A estes que ainda têm coragem de defender a ocupação, o ocupante, o carrasco, o criminoso de guerra e da ética, digo basta! e gostaria de sacudir um por um até acordarem deste sonho-quimera e enxergar o pesadelo em que os palestinos vivem desde 1948, que se intensificou em 1967 e que não para de piorar até hoje.
E os não-judeus que defendem os criminosos de Tel Aviv sem nem razão correligionária de defendê-los, digo com mais veemência: Acorde! Olhe! E veja se conseguiria viver desse jeito! Um pouco de empatia, por piedade! Mesmo se fosse covarde para reagir, quanto tempo você aguentaria prisioneiro como os gazauís vivem o tempo inteiro e como seria se fosse a sua terra que fosse surrupiada, sua casa destruída com todos os seus pertences gordos ou magross? É o que gostaria de dizer a cada um desses negacionistas de injustiça e atrocidades israelenses irrefutáveis.
Os "amigos" de Israel são o padrinho Estados Unidos e o ditador egípcio Sissi. E Tony Blair, outro dito criminoso de guerra que ficou impune.
E para concluir com a bobagem dita pelo israelense arrogante do Brasil ser "anão diplomático", o simples fato de o indivíduo ter se dado ao trabalho de fazer esta declaração já prova que o nosso país está longe de ser o que ele sugeriu em um rompante de despeito. Se fosse, esta frase não teria sido notícia no mundo inteiro. E como jornalista e cidadã brasileira baseada no exterior, tenho de dizer uma coisa que talvez chateie quem só vê defeitos no PT. Quer queira quer não, o Lula pôs o Brasil no mapa mundi e a Dilma reforçou a posição brasileira ao ponto de ingressar na lista das figuras mais influentes do planeta. Pela independência dos Estados Unidos. Antes do PT, reinava a subserviência.
A César o que é de César.
Aos palestinos, sua terra.

"We haven't got any weapons in the West Bank, yet Israel kills everyday"
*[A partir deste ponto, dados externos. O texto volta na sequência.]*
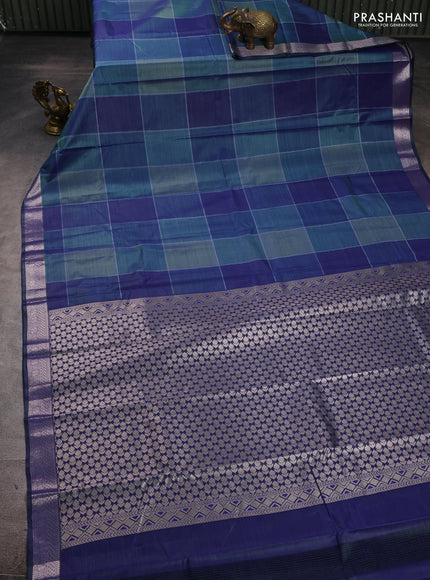 Bangalori silk saree blue shade with allover ikat weaves and zari woven border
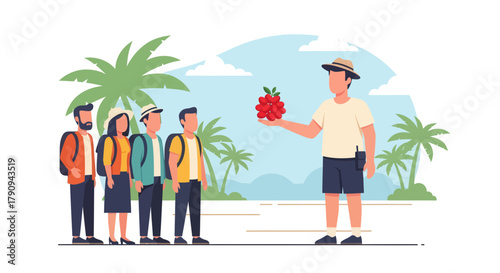 Tour Guide Explaining a Fruit to a Group of Tourists in a Tropical Environment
Rabbi Henry Siegman, leading voice of US Jewry: "A Slaughter of Innocents"
Rabino Henry Siegman representa uma das três principais organizações judias dos EUA.  
Part II

Concordo com o rabino Siegman em todos os pontos, menos no tocante à sugestão da viabilidade estratégica dos palestinos renunciarem à soberania, à nacionalidade, à Pátria; concordar com a nacionalidade israelense em pertencendo a Israel onde reivindicariam a cidadania integral a fim de forçar uma situação que os próprios judeus israelenses rejeitariam e concordassem então com a noção, lógica, dos dois Estados. 
Acho esta ideia impraticável do começo ao fim.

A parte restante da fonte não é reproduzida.